Exhibition views, lilia ben salah Gallery. Pictures: R. Darnaud
Exhibition views, lilia ben salah Gallery. Pictures: R. Darnaud
Sol Absolu
31.05 - 16.09.2023
lilia ben salah, Paris
Acknowledgments:
Césaré, Centre de création musicale
Centre Wallonie-Bruxelles
Culture Moves Europe - Gœthe Institute
Institut Méditerranéen de Biodiversité et d'Écologie (IMBE)
Institut français de Tunisie - Maison de France à Sfax
Tunis International
lilia ben salah gallery is pleased to present Sol Absolu a solo show by French artist Camille Pradon, from May 31 to September 16, 2023.
The elements have a very special presence in Camille Pradon's work. Traces of wind, water, minerals, combustion infuse her minimalist compositions. The artist, whose interest lies in contact areas and the exchange of memories, narratives and materials that flourish there, borrows a wide range of medium, from drawing to photography, moving image or ceramics. This approach, that could appear fragmentary, is tied around the essential thread of appearance and disappearance of language and image.

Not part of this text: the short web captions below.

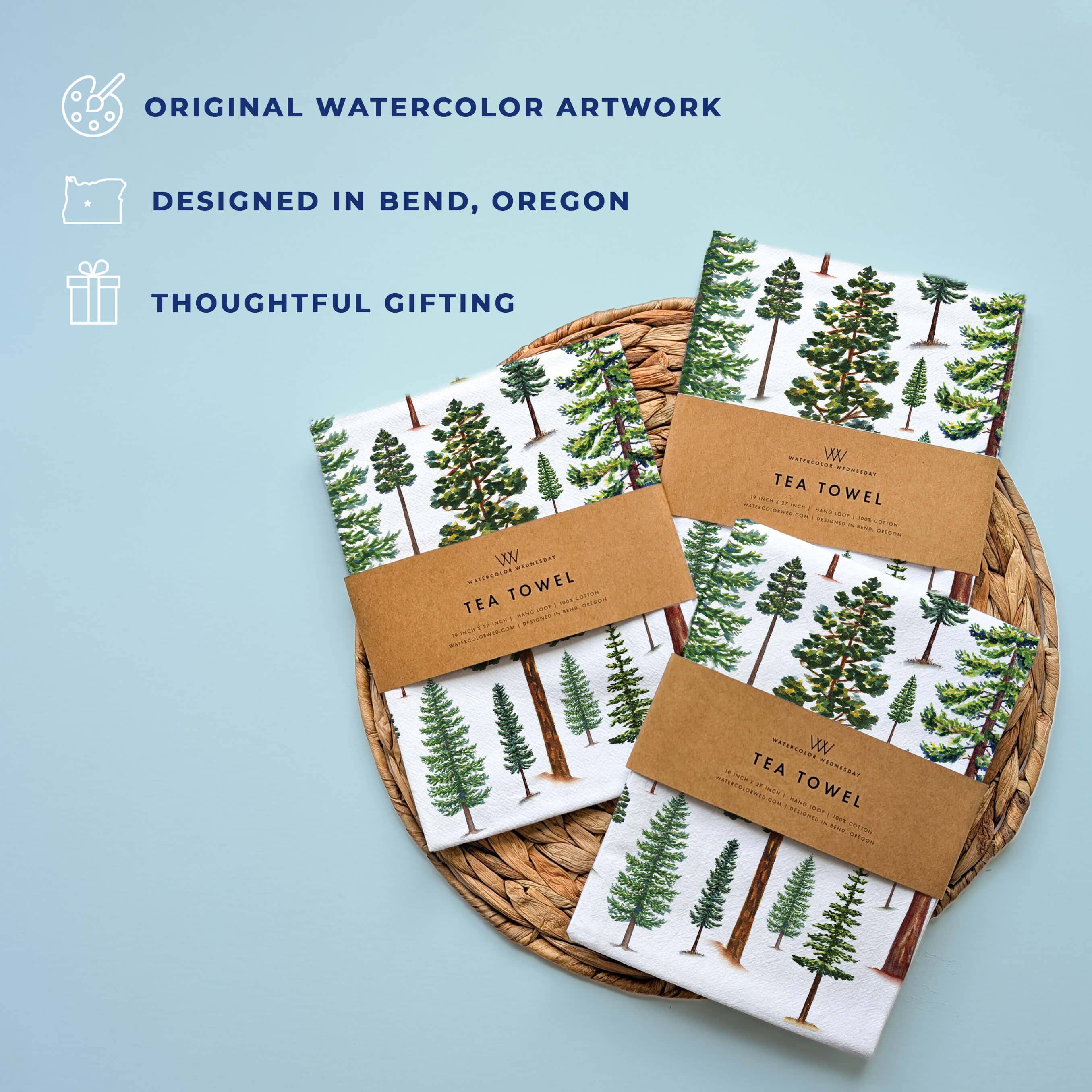 Evergreen Trees Tea Towel | Nature Kitchen Towel, photo 4 of 5
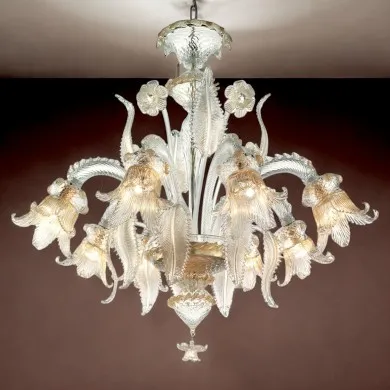 SECOLO | Araña Floral Cristal Oro | Murano-Store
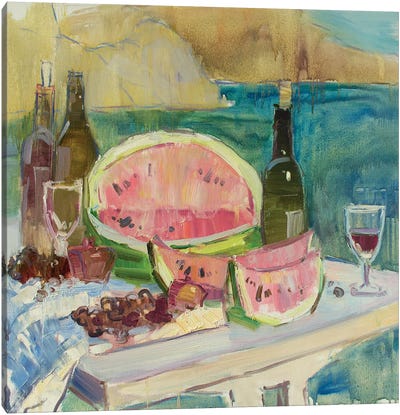 Juicy Watermelon And See Of Red Wine Canvas Art Print - Melon Art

Sol Absolu brings together stages from a long journey, inviting the viewer to think about the displacement between several territories, as well as the interpenetration and superposition of temporalities and cultures. Playing with our perception and the gallery's unique boat shaped architecture, Camille Pradon offers an immersion between surface and depth, darkness and light in the continuity of explorations carried out in recent years between the Mediterranean shores. Combining past and present, the artist explores the strata of stones, various layers of ground levels and the depths of the seabed. Fragmented narratives and the way invisible and intimate maps link together discontinuous territories fascinate her as they captivated the poet Lórand Gáspár, whose presence permeates the exhibition that borrows his title.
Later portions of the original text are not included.